I believe there can be no greater pride for a Jewish father than to hear his son one day get up to the bema and read the Torah: read words, stories, laws that for forty centuries have been repeated by other children and other fathers. (00:16:00)

-Elie Wiesel

As for Reb Moshe Leib of Sassov, he taught us to be like a string calling for winds and melodies, always ready to vibrate, to touch and be touched, forever eager to dance, forever eager to alleviate pain and defeat sadness. (00:17:00)

-Elie Wiesel

"Wherever I go my steps lead me to Jerusalem," said the great Hasidic storyteller Rabbi Nachman of Breslov. (00:18:00)

-Elie Wiesel

To be Jewish today, therefore, I believe is madness--but holy madness, creative madness, human madness, meaning madness to try to make others human. (00:38:00)

-Elie Wiesel

For what possible reason would the survivors need to be defended? . . . And yet they do need to be defended, as much as the victims long ago. (00:51:00)

-Elie Wiesel

How can one forget the passion, the violence a simple crust of moldy bread can inspire? (00:59:00)

-Elie Wiesel

Perhaps one day you will be forgiven for what you did or did not do during the Kingdom of Night, but not for what you did or did not do after. (01:17:00)

-Elie Wiesel

People will not understand the stammerings of the survivors who thought they had taught mankind its most fiery lesson of survival and morality. They went unheeded.
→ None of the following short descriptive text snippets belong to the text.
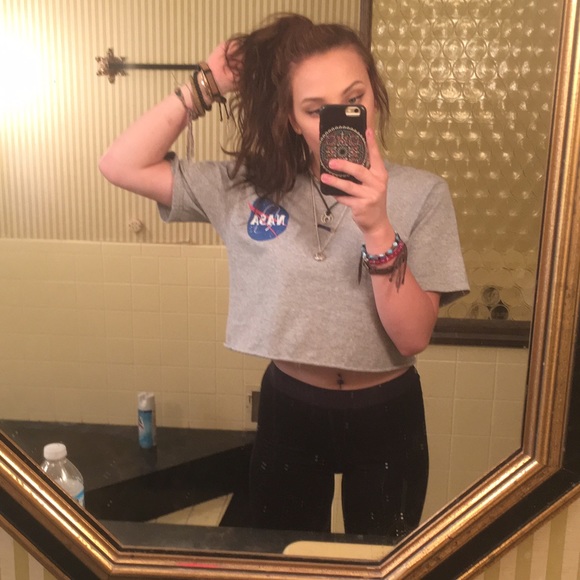 Michaelle Starich - Poshmark Profile Picture of Michaelle Starich (@michaellestar66) on Poshmark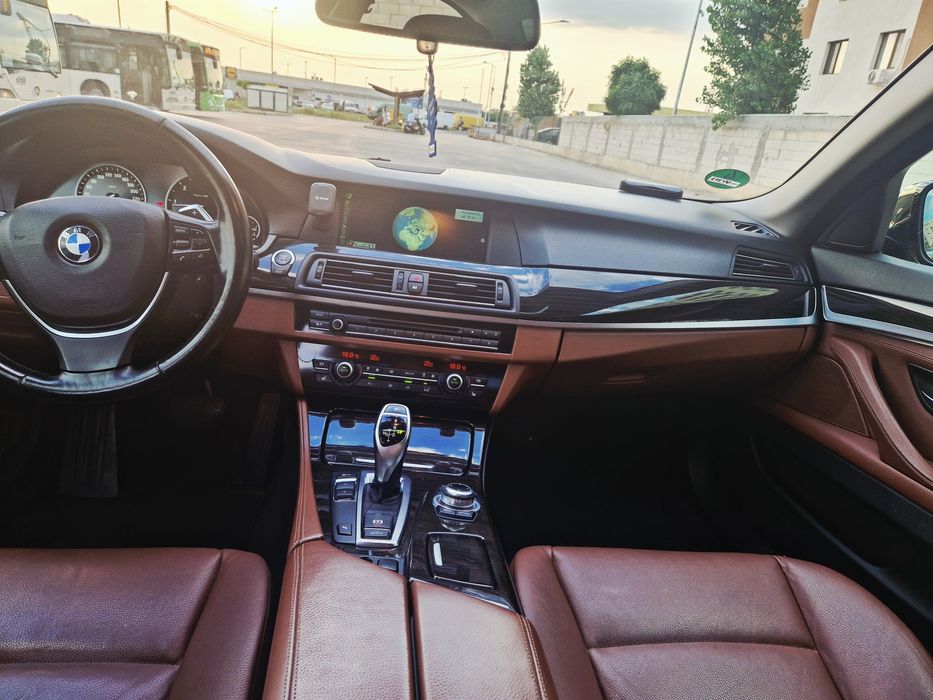 Inchirieri auto cu Sofer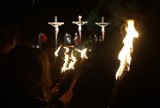 Wielki Piątek. Nocne Misterium Krzyża i liturgie sprawowane przez biskupów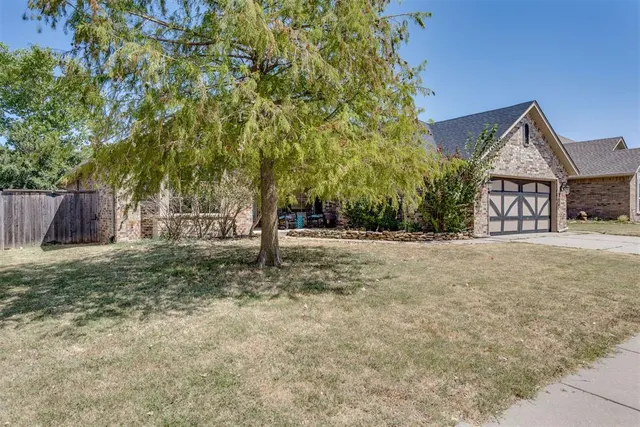 Photo 2 — 16808 Ventana Boulevard, Edmond, OK 73012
And they were punished for having tried. (01:21:00)

-Elie Wiesel
Subthemes:
        1) My Experience of Christian Antisemitism and Its Historical Counterpart 
2) A Jew Today Celebrates Jerusalem
3) Questions Jews Must Ask: where am I, what are we doing, to whom, why?
4) Conscience of the Jew
5) Paradox of the Jew
6) Comments on the Process of Writing
7) The Obligation to Bear Witness to the Holocaust and other Genocides
8) The Allies and American Jewry’s knowledge of the Atrocities during the Holocaust and Their General Indifference
9) The Unforgivable Indifference to Holocaust Survivors
10) The Dehumanization of Holocaust Survivors
11) Knowing and Using the Power of Words
12) The Remarkable Renaissance of Judaism in Soviet Russia
13) My Obsession with Children of Survivors
14) Stories of Courage in the Concentration Camps
15) A Plea for the Survivors is also for Our Own Sanity.